Некоторое время назад я понял, чем так эмоционально тягостны бывают старые друзья, знакомые или родственники, особенно знающие тебя с детства или от юности. Ты для них — давно дописанная книга, в которой нет непрочитанных страниц и никаких особенных сюрпризов ожидать невозможно. И многие из них желают непременно погрузить тебя при встрече в свой собственный бурливo- неспокойный бред бытия, который для самого тебя давно уже стал полуисчезнувшим отсветом прошлогоднего сна.
Одна старая приятельница почти каждый раз вспоминает, при встрече раз в несколько лет: "А помнишь, как ты ТОГДА (четверть века назад) не дал нам списать такой-то предмет и накричал на нас с N.? Не стыдно?" Говорю: "Как я могу помнить, что произошло с человеком, который давно умер и истлел, и тропинка к могиле которого давно заросла густым лесом?"
Именно поэтому, наверное, практика бодхисаттвы, описанная в знаменитых 37 строфах тибетским кадампинским мыслителем Тхогме Сангпо (14 в. н. э.), требует от человека, желающего коренным образом измениться, оставить всё своё привычное окружение — дом, родичей, друзей и недругов, — и отправиться в совершенно новую страну. Кажется, об этом же примерно говорил и Христос, требуя для тoго, кто хочет быть Его ученикoм, "возненавидеть" сродственников своих. В этом — смысл не "колбасной" эмиграции.
Общаться мне бывает интересно в следующих ситуациях: когда встрачаю человека, в чём-либо значительно превосходящего знаниями (настоящего профессионала в областях, о которых сам я знаю очень мало или совсем ничего) или жизненным опытом. Тогда я предпочитаю слушать, задавая наводящие вопросы. Таково было общение с Аверинцевым, причём я заметил, что в последние годы нашего общения Сергей Сергеевич всё чаще задавал мне свои вопросы, а не только отвечал на мои или произносил монологи, на которые был горазд.
Другая ситуация интересного мне общения: педагогическая, требующая от меня нечто кому-то рассказывать или объяснять, а также делиться опытом. В последние годы такие ситуации складывались всё чаще. Куда ни кину в институте взгляд — всюду мои студенты, прошедшие через ежовые рукавицы одного, двух или всех трёх моих курсов (не считая факультативов), которые приходилось вести. И это если не считать моих студентов-балтистов в другом университете.
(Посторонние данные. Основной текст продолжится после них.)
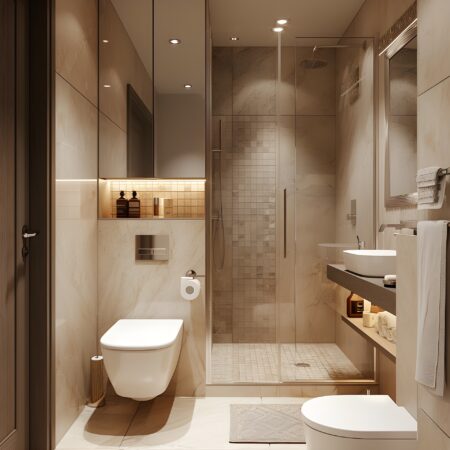 Biała łazienka z drewnem: Aranżacje i inspiracje. Jak urządzić?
За много лет, особенно пребывания в орденских общинах, виртуозно научился владеть наукой пустопорожних бесед ни о чём, делая заинтересованную мину при том, что наводит скуку и зевоту, и научившись незаметно и дипломатично отражать уколы и уязвления тех, кто желает эмоционально утвердиться за чужой счёт. Этот социальный навык — главный опытный и ощутимый результат продолжительного пребывания в монашеских общинах. Ибо нигде не бывает собрано в одном месте столько твоих потенциальных недоброжелателей и завистников, да и просто эмоционально лабильных личностей, как в орденской общине, среди попов и других профессиональных христиан.
Общение со случайными людьми: small talk, часто с теми, кто принадлежит к социально чуждым, далёким кругам. Бывает скучным, ведОмым из вежливости. Но бывает такое классово чуждое общение и чрезвычайно интересным: с венскими бомжами, работягами, вышибалами в ночных заведениях, полукриминальными элементами, разного рода мигрантами или, наоборот, с роящимися в аквариуме междусобойчика аристократами, почитающими себя избранным обществом. Тут бывает, что для тебя открывается целый новый мир с его перспективам, заботами, внешними повседневными страхами и душевными страхованиями, пугающимися собственных призраков.
Всё думаю — откуда во мне интерес к этим социальным экспериментам и "хождению в народ"? В детстве и юности я был очень замкнутым и робким, но постепенно, за годы изменился самым коренным образом. Наверное, направление тому дало и привило к сему вкус некое Общество Иисуса. Тaвро, которое впечатывается глубоко.
Но лучше всего я чувствую себя в своём домашнем эремиториуме (эрмитаже), в окружении пыльных старых друзей, источающих привычный запах старой бумаги и дух книжности, нимало не припоминающих тебе ошибки или пороки юности, и не превращённых ещё волею идеологов глобализма и мобильности в неухватные точечки и палочки, мертвенно мерцающие на бледном экране.
И самым редким бывает пребывание с теми, кто ясен духом и светел, не охватывая тебя щупальцами своих темнот, оставляя свободным. Не здесь, не здесь...

[На верхней картинке: автор Журнала в квартире своих друзей в Бейруте, попыхивая "аргили".
На нижней картинке: келлия горного отшельника наверху скалы в Ливанских горах, сверху от деревушки Хардин; на престоле -- всенепременная статуя латынской Богородицы Фатимской.]